Machine-generated from the object's image on May 2026. Not curatorial; treat deities, names, and signs below as the model's best reading, not authority.

A stone sarcophagus with a human-shaped lid and visible engravings.

The artifact is a stone sarcophagus featuring a human-shaped lid with a detailed face and arms crossed over the chest. The surface shows signs of wear with visible engravings along the torso area.
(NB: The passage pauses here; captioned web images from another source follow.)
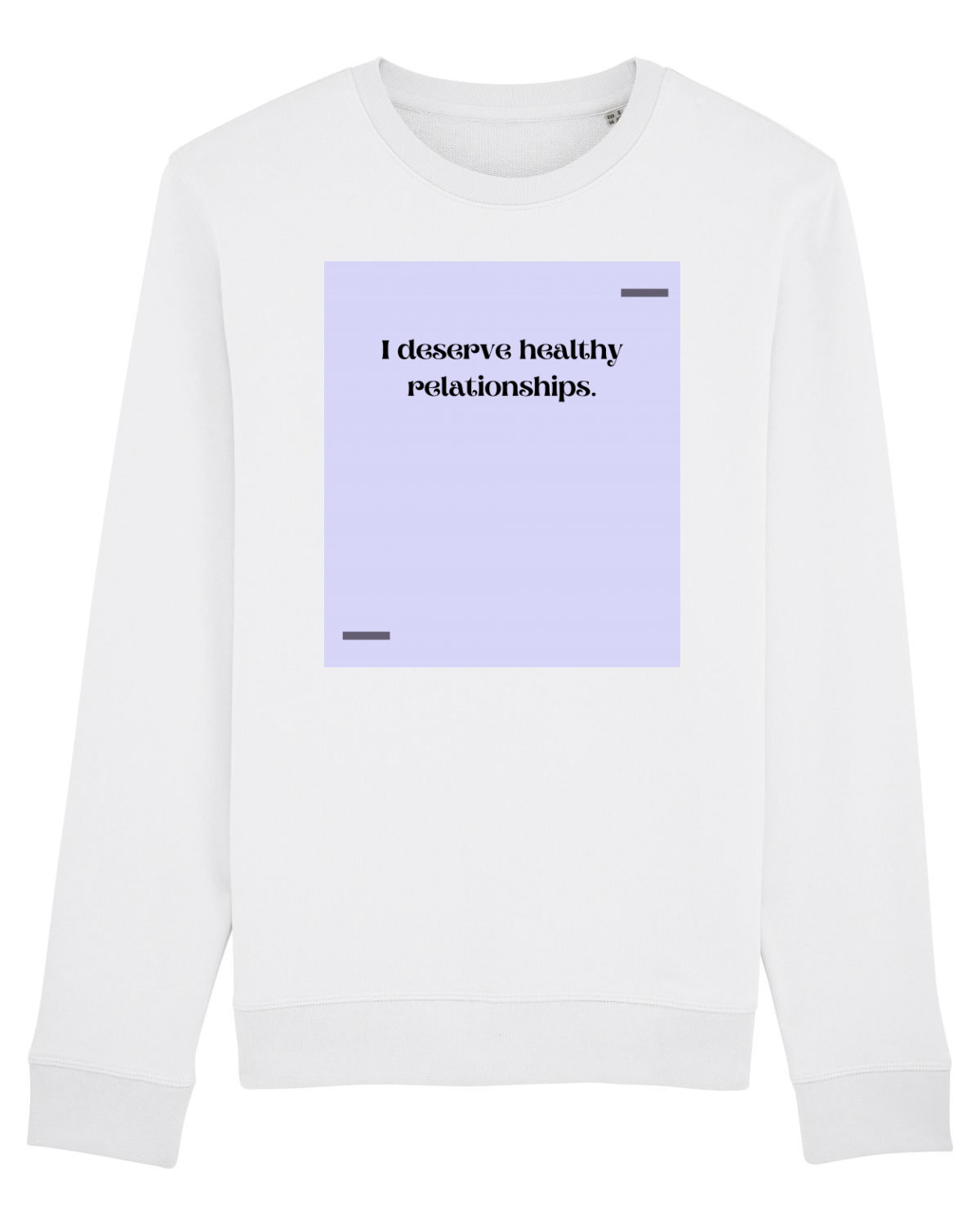 Bluză mânecă lungă Unisex Rise White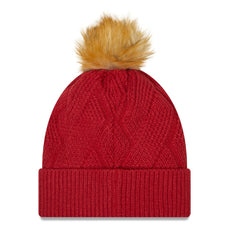 NFL Arizona Cardinals Women's Snowy Cuffed Knit Hat with Pom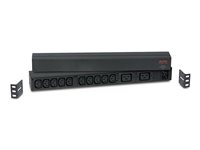 APC Basic Rack-Mount PDU - Strømfordelingslist (kan monteres i rack) - AC 208/230 V - inngang: IEC 60320 C20 - utgangskontakter: 12 (power IEC 60320 C13, IEC 60320 C19) - 2.49 m kabel - Hele verden - svart - for P/N: SRTL2K2RM1UWC, SRTL2K2RM1UWNC, SRTL3KRM1UIC, SRTL3KRM1UWC, SRTL3KRM1UWNC AP9559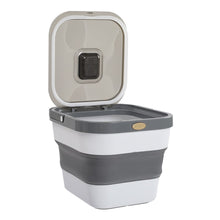 Load image into Gallery viewer, 13 Liters Capacity Grey Foldable Pet Food Storage Container with Lid Living and Home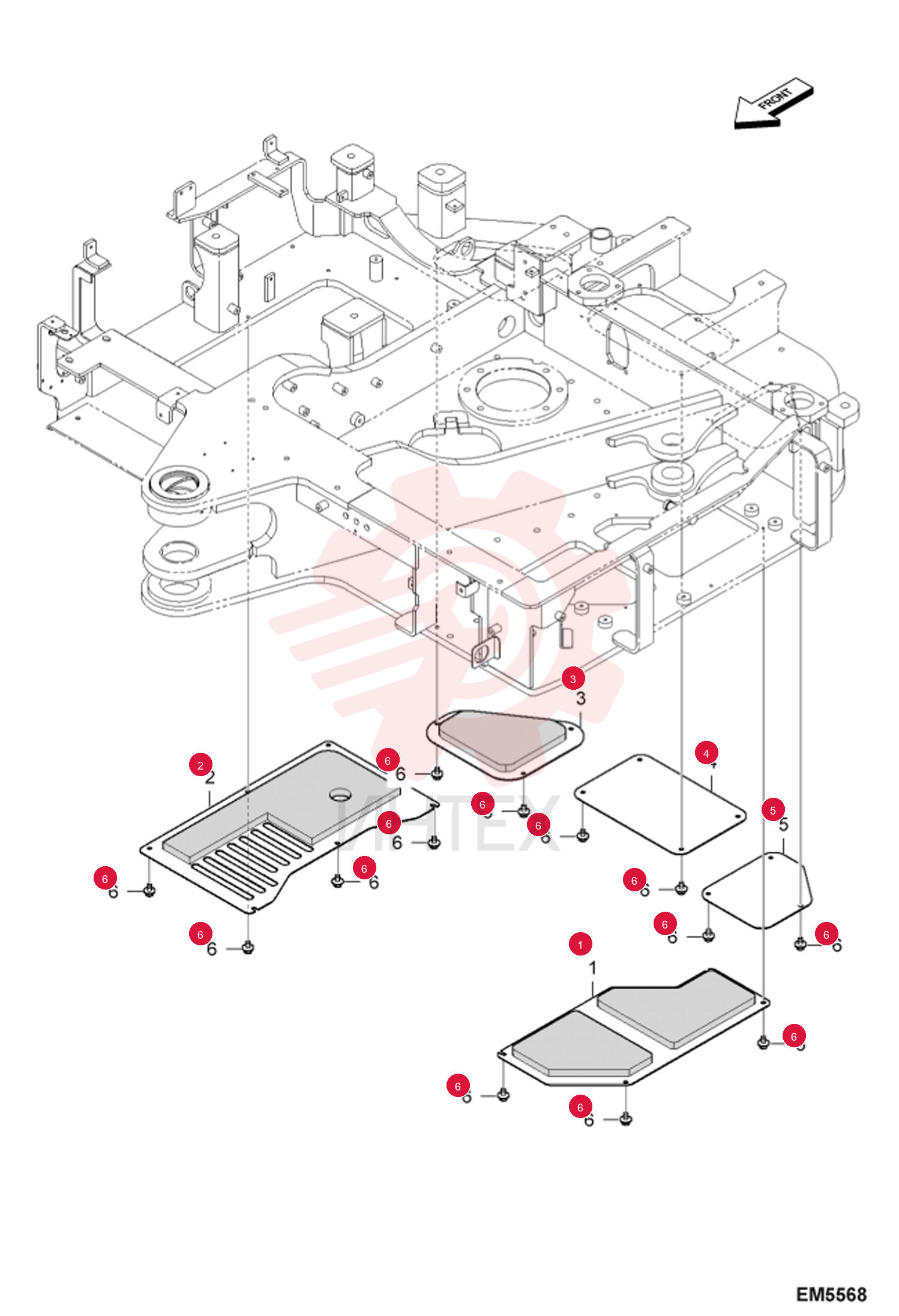 COVER LOWER 7006100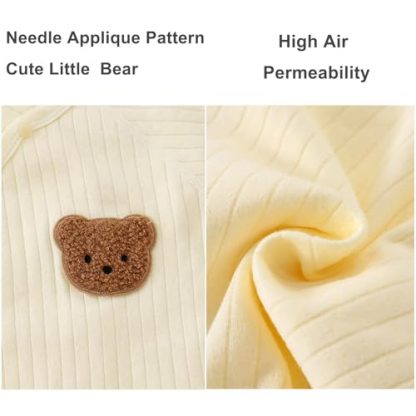 Adorable Bear-Themed Cotton Onesie for Newborns and Infants - Image 3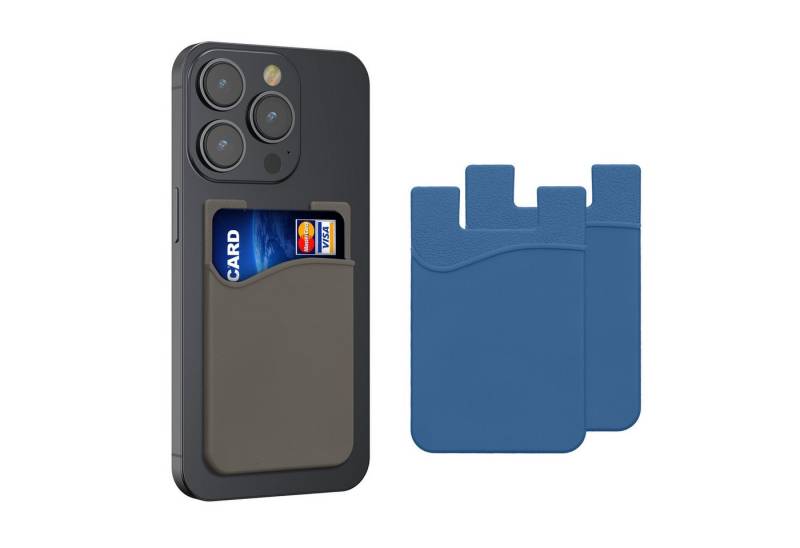 kwmobile Etui 3x Kartenhalter Hülle für Smartphone, selbstklebend - Aufklebbare Silikon Kreditkarten Tasche - 8,5x5,5cm kwmobile Etui 3x Kartenhalter Hülle für Smartphone, selbstklebend - Aufklebbare Silikon Kreditkarten Tasche - 8,5x5,5cm von kwmobile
The style suggests it was intended for a high-status burial, with the engravings possibly indicating the identity or achievements of the deceased.

funerary New Kingdom fragmentary
Materials limestone
Signs unknown ×5

Connections

Deities Osiris
Materials Limestone

Cross-references (2)

  • BKM-Accession 34.1221 tier-2
  • BKM-Object 3343 tier-2
About this record's data
  • From the source institution — accession, description, dimensions, and dating are as catalogued by Brooklyn Museum — Egyptian, Classical, Ancient Near Eastern Art.
  • AI-inferred — the image-analysis panel (deities, names, signs) is machine-generated and may be wrong.
  • Approximate location — most map points are plotted at the site centroid, not the exact findspot.
  • Inferred links — cross-references marked with a match method other than explicit-source-field were matched by us, not stated by the source.